Optimum Encapsulation - Wacker Chemie AG

Optimum Encapsulation

Stress Caused by Blue Light

The liquid silicone is applied by dropping it on to the LED in a single operation. It encapsulates the chip, at the same time forming its optical lens. LUMISIL® therefore also helps to simplify production processes.

In practice, the encapsulation materials are simultaneously exposed to heat and light – particularly blue light in the case of white LEDs. The aging process that this causes can be simulated in the laboratory by the blue-flux test, in which disk-shaped test specimens of the cured encapsulants are irradiated at a temperature of 85 °C with blue LEDs operated at a power of 5 watt. At certain intervals, the light transmittance and yellowing of the test disks are measured. Tests show that LUMISIL® 770 retains its high light transmittance even after 1,000 hours. As with every polymer, slight yellowing is detectable in silicone, too. However, it is not apparent to the naked eye and can be considered negligible.

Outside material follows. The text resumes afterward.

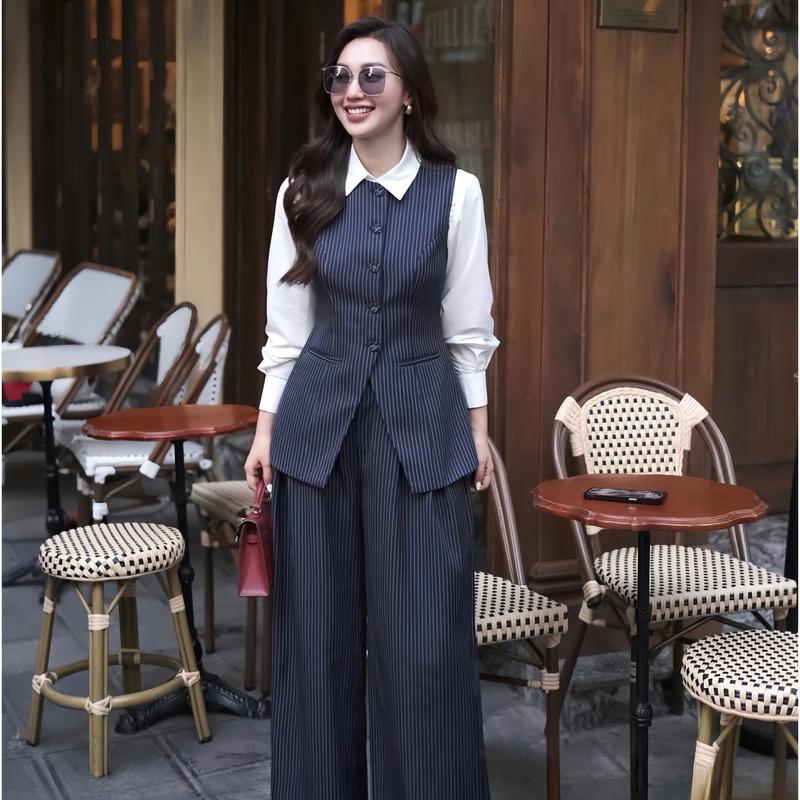 Sét Thiết Kế Công Sở: Hà Anh áo gile kẻ công sở dài tay phối quần Nữ G57 - Nữ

Corrosive gases, too, cause LEDs to age. This is particularly noticeable with the effect of hydrogen sulfide, which is mainly emitted in exhaust fumes in large towns and can pose a problem for exterior lighting applications. In the interior of the LED packages, many surfaces are silvered so that they reflect the incident light toward the encapsulant. However, silver tarnishes immediately in the presence of hydrogen sulfide – even trace amounts – due to the formation of black silver sulfide. This sulfur corrosion may be severe enough even to show through the encapsulation. The encapsulation should therefore also act as a barrier to hydrogen sulfide and other gases that can form hydrogen sulfide.

The sulfur corrosion test shows that the two high-refractive silicones act as a particularly effective gas barrier – due to the presence of phenyl groups in the molecular structure. “The best performance is exhibited by LUMISIL® 591,” says Dr. Yang, who subjected the silicone to extensive applications testing at COEE in Seoul. “The light output of LEDs encapsulated with this particularly hard material decreased least in the test as a function of the exposure time to sulfurous gases.” He added that, with this product, the extremely high crosslink density had an additional inhibiting effect on gas diffusion.

Bond Wires at Risk


  • For LEDs intended to operate at high powers and with maximum luminous flux, encapsulation with LUMISIL® 740 or LUMISIL® 770 is recommended because of the high heat and light exposure that they are exposed to during service.
  • LUMISIL® 740 is particularly suitable for chip-on-board technology. An extra benefit is its extremely low VOC content.
  • If, on the other hand, the refractive index should be as high as possible to optimize the luminous efficacy, the preferred materials are LUMISIL® 590 and LUMISIL® 591.
  • LUMISIL® 591 is tailor-made for encapsulating single-chip LEDs, as are used for backlighting displays of smart phones, laptops and TVs. Besides their high refractive index, their excellent barrier effect with respect to sulfurous gases is another benefit in these applications.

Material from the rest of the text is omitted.